Capilla de las Capuchinas. Luis Barragán, Tlalpan, México, D.F.

El tiempo detenido en el centro de Tlalpan; en los puestos de comida en el interior del viejo mercado; el tiempo también detenido en la mente de la hermana portera; el tiempo inexistente en el interior de la capilla.

Se camina calle abajo por Hidalgo desde la plaza de la población: verde brillante el follaje; ocres, amarillas, rojo quemado las fachadas; algunas, las menos, blancas; azul el cielo y piedra bajo el piso, todo bañado por la luz brillante del sol. Los ojos y los pulmones se llenan de la frescura de un color viejo y sorprendentemente nuevo; pero todavía no es "el color".

La vieja fachada, sin carácter, casi ciega, hace difícil identificar el convento; se le adivina por el timbre alto sobre el nivel de la calle, por la mirilla en la puerta. Se enfrenta uno a una portera adusta, perteneciente a otro siglo a pesar de su aparente o todavía reciente juventud. Su bloqueo de la puerta; su "vuelva a otra hora, no es hora de visita" -y mucho menos "cultural"-; peor aún si llevas bermudas en vez de faldas.

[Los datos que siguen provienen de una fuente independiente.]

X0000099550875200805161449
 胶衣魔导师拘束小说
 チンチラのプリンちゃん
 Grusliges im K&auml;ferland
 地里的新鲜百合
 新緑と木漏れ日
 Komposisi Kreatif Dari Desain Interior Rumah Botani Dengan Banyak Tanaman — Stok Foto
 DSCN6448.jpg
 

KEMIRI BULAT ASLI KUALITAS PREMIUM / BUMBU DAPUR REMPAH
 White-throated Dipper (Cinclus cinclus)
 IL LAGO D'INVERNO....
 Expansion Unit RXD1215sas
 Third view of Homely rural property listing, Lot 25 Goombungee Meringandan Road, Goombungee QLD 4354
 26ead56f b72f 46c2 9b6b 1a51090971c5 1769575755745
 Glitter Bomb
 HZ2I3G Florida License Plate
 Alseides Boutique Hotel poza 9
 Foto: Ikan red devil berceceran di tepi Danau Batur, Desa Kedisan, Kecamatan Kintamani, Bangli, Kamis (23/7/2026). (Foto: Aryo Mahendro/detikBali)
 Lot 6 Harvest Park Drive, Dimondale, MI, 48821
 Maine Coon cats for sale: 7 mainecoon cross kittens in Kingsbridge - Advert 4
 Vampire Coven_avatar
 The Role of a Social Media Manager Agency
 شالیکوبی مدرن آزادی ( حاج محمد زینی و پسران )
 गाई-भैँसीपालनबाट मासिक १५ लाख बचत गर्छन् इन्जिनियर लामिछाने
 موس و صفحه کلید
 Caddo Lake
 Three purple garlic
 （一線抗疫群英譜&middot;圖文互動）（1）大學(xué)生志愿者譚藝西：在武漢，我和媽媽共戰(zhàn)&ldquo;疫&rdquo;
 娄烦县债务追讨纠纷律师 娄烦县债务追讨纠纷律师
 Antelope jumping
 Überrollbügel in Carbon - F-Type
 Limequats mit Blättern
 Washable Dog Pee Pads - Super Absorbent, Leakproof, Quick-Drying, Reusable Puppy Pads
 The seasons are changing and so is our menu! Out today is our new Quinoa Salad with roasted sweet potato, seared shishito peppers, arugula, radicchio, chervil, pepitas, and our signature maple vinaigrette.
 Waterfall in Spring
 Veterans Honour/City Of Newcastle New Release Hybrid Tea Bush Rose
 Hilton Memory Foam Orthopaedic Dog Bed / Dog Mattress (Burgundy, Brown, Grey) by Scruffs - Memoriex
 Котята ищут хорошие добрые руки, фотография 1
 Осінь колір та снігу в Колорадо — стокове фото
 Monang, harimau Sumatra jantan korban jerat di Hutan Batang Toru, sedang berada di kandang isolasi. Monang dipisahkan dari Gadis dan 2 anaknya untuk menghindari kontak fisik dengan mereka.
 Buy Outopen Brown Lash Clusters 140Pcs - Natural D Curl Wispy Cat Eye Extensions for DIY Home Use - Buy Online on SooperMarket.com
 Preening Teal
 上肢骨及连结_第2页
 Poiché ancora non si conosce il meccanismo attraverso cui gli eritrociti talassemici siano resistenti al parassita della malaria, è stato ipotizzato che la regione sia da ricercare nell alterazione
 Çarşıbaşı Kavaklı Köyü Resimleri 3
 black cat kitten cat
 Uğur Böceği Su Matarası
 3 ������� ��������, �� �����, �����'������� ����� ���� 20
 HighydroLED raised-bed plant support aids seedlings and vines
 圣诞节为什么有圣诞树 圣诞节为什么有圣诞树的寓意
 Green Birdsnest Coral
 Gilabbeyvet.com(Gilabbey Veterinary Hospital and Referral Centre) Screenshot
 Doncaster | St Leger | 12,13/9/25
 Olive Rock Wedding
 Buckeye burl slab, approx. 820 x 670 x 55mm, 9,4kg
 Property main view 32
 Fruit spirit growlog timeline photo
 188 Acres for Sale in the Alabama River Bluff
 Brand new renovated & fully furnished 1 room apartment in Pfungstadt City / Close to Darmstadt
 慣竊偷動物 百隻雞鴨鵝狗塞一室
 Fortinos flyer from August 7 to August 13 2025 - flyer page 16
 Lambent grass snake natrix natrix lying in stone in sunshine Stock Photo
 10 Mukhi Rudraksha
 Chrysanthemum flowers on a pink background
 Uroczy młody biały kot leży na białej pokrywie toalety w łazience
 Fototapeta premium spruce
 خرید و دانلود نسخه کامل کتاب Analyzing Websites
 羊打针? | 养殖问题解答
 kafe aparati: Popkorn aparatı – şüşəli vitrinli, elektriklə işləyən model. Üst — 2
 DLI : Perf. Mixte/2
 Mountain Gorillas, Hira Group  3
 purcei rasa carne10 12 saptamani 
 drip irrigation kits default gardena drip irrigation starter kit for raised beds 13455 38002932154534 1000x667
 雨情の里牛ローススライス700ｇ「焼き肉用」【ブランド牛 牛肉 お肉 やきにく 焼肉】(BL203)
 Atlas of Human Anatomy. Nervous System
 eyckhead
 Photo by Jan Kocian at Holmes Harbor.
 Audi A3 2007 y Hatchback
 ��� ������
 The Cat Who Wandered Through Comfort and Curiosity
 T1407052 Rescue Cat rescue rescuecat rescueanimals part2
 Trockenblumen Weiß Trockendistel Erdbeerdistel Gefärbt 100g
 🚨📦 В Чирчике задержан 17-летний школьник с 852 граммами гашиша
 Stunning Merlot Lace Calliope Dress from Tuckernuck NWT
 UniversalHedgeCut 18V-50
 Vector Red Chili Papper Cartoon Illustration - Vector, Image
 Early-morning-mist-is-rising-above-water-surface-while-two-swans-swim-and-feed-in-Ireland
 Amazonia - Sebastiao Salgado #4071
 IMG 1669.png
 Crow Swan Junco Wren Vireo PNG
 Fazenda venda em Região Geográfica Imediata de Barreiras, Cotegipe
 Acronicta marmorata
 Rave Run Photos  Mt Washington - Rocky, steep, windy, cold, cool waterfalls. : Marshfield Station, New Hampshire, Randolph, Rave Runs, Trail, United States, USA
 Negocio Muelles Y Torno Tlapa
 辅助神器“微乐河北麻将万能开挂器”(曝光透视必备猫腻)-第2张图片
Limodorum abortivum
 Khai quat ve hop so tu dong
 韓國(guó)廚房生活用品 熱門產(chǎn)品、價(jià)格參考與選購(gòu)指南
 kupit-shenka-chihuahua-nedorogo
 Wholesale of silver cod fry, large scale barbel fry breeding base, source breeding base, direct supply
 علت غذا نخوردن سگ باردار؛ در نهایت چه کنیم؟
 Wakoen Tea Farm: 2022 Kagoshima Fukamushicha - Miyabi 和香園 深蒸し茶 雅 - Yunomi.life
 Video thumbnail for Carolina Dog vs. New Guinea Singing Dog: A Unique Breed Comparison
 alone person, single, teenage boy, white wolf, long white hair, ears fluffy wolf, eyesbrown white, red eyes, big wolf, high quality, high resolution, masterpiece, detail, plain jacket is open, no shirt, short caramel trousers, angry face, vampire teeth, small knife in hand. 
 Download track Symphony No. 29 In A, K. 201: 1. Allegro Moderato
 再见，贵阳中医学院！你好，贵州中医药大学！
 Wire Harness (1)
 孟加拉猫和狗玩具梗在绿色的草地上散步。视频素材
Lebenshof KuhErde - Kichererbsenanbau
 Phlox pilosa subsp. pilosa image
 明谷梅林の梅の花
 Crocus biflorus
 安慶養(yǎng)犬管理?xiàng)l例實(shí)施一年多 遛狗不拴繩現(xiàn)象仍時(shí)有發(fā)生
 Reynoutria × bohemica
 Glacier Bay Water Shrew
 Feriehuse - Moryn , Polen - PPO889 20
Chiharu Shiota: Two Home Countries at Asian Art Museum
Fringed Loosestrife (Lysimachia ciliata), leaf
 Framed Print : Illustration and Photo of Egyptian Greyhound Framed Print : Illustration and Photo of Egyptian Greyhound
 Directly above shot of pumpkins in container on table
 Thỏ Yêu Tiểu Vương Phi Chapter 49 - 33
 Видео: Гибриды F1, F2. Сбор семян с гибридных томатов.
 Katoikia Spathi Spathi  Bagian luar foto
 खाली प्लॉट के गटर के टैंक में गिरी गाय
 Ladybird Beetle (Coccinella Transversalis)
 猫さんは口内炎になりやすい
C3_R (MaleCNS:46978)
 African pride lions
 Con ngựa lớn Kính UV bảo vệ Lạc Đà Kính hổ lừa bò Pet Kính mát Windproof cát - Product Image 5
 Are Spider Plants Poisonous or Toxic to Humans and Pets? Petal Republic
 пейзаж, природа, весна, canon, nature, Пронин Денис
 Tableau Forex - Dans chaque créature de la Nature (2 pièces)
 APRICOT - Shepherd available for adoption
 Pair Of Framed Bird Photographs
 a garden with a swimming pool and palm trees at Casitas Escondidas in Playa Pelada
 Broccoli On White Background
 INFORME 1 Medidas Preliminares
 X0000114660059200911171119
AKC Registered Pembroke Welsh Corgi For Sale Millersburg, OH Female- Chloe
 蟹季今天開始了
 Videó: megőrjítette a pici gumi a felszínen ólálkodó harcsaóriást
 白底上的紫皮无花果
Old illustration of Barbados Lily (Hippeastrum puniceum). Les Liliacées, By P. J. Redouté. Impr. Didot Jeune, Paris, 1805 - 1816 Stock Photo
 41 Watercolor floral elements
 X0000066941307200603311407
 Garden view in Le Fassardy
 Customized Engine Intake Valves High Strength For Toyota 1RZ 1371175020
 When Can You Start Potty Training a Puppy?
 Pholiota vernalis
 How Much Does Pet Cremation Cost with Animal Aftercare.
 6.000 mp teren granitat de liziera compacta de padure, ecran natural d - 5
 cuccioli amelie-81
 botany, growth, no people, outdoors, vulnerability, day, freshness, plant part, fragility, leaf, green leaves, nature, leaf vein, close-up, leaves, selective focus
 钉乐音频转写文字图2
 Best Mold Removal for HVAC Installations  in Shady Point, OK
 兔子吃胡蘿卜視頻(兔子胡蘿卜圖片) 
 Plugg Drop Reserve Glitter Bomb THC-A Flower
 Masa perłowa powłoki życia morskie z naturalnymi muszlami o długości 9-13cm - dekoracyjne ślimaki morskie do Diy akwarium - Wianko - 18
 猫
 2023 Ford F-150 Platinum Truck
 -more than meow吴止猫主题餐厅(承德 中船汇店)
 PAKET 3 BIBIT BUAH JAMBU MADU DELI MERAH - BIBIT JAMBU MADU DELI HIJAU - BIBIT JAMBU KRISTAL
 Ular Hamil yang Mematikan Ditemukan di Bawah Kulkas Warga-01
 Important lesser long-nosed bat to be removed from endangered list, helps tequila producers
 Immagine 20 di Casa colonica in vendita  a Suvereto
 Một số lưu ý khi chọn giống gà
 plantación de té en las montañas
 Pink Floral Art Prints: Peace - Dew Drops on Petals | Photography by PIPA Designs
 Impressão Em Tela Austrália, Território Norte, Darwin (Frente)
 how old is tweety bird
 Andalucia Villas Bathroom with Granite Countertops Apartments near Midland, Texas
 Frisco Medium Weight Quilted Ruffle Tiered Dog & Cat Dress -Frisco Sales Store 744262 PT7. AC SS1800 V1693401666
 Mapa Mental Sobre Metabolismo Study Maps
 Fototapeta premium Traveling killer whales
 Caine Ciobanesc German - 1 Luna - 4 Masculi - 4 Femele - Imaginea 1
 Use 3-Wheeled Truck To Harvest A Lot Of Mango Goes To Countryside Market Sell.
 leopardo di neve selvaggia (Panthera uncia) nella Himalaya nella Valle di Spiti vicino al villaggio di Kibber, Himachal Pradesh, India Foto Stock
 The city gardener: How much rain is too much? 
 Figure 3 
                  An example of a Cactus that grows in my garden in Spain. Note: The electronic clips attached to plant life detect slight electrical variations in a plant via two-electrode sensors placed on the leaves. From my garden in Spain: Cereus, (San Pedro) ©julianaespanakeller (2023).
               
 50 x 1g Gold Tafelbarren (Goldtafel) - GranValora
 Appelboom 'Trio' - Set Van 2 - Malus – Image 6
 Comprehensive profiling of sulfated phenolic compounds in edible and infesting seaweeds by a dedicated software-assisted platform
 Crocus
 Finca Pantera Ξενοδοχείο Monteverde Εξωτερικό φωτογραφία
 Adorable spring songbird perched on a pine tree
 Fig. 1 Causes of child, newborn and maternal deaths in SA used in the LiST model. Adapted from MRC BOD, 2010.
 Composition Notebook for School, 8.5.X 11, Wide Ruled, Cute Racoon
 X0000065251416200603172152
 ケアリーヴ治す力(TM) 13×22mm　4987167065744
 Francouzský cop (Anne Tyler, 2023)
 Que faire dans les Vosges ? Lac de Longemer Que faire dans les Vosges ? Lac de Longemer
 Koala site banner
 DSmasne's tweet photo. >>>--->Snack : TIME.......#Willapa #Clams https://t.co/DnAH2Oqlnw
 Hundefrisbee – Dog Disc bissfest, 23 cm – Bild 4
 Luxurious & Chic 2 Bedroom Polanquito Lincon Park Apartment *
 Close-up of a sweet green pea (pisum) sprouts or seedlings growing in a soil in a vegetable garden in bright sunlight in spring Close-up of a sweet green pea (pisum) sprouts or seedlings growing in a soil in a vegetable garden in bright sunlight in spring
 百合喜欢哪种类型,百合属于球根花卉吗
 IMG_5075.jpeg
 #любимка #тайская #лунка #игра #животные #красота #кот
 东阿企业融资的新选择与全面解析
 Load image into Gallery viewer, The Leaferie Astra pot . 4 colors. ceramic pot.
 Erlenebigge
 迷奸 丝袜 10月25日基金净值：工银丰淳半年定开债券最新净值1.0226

Todo ello habla de la cerrazón, de la clausura.

Sin embargo, una vez adentro…



Una vez adentro la clausura desaparece y vuela, la ligereza de las cancelas las torna casi inexistentes ante el embate del color vibrante de los muros; los muros también desaparecen para ser entendidos solamente como una sensación bajo la acometida de la luz; la luz lo baña todo y lo torna irreal, etéreo. La materia se trastoca para volverse espacio, vibración, luz coloreada.

Por las reglas de la complementariedad del color, detrás de los amarillos y naranjas el ojo casi casi visualiza también el verde de las frondas del viejo Tlalpan; pero ya no hay ni viejo ni nuevo; no hay tiempo, solamente permanencia.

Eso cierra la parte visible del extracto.